Potential-field modeling of collapse-prone submarine volcanoes in the southern Tyrrhenian Sea (Italy)



[1] Hydrothermal alteration may weaken volcanic rocks, causing the gravitational instability of portions of active volcanoes with potentially hazardous collapses. Here we show high-resolution multibeam, magnetic and gravity surveys of the Marsili seamount, the largest active volcano of Europe located in the southern Tyrrhenian back-arc basin. These surveys reveal zones with exceptionally low densities and with vanishing magnetizations, due probably to the comminution of basalts during hyaloclastic submarine eruptions and to their post-eruptive hydrothermal alteration.
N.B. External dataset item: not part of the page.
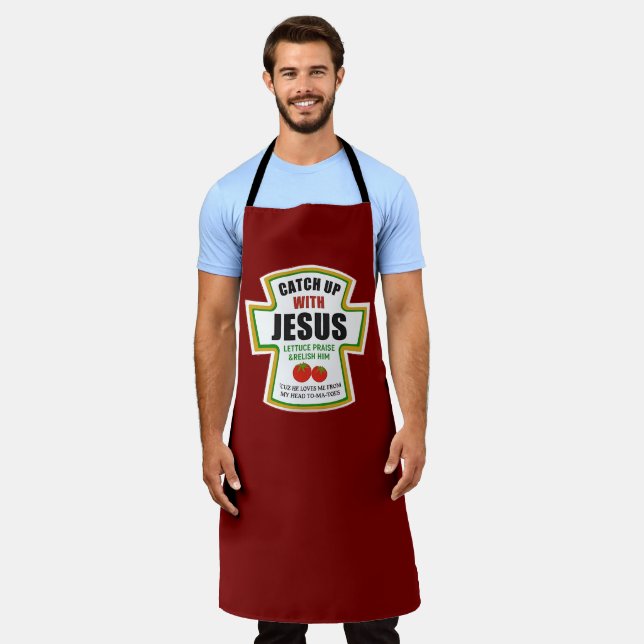 Catch Up With Jesus Funny Christian Ketchup Tomato Apron (Worn)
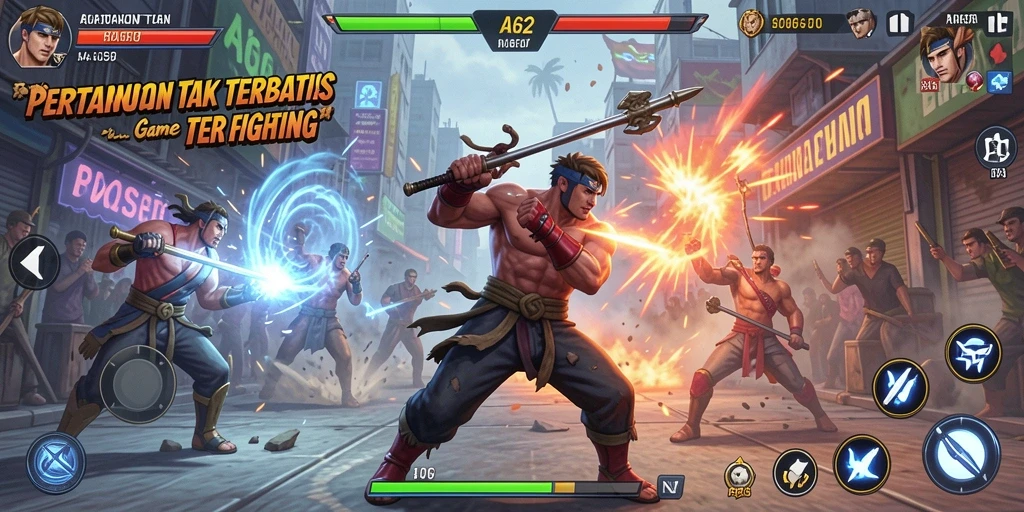 Gameplay seru dan penuh aksi dalam AA62, menunjukkan pertarungan intens.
The location of these regions correlates with morphological data showing the occurrence of past collapses. Similar evidence has been obtained from pre-existing data at Vavilov Seamount, another older volcanic system in the Tyrrhenian back-arc basin. Here a large volume of at least 50 km3 may have collapsed in a single event from its 40 km long western flank. Given the similarities between these volcanoes, a large collapse event may also be expected at Marsili.

1. Introduction

[2] Collapses of large portions of submarine volcanic rocks represent a major risk for tsunami generation, producing some of the most destructive events [Smith and Shepherd, 1996; McGuire, 2006]. Hydrothermal processes, in conjunction with pre-existing weak and faulted rocks, plays a dominant role in causing these catastrophic collapses [Lopez and Williams, 1993; Finn et al., 2001; Reid, 2004]. Particularly, the Tyrrhenian Sea shows evidence of past tsunamis [Tinti et al., 2004].

[3] Marsili (Figure 1), a 70 km long, 30 km wide volcanic edifice elongated NNE–SSW, rises 3000 m from the relatively flat 3500 m deep southern Tyrrhenian Sea back-arc basin, where extensional tectonics related to the subduction of the Ionian slab [Rosenbaum and Lister, 2004] has generated spreading and injection of oceanic-type basalts in the last 2.0 Myr [Kastens et al., 1998; Marani and Trua, 2002]. Cocchi et al. [2009] also showed that Marsili started its vertical accretion approximately 1 My ago; it can be interpreted as a superinflated ridge due to a strong pulse of magma upwelling through a tear in the subducted Ionian slab [Marani and Trua, 2002]. Fractional crystallization studies of Marsili basalts by Trua et al. [2002] suggest the presence of an active magma chamber roughly 2.5 km below the summit of the volcano.

Figure 1.

Geological setting of the Marsili Basin (MB) and survey line-path. The line with triangular barbs represents the subduction of the African plate below the European plate, and the Aeolian Islands are the corresponding volcanic arc.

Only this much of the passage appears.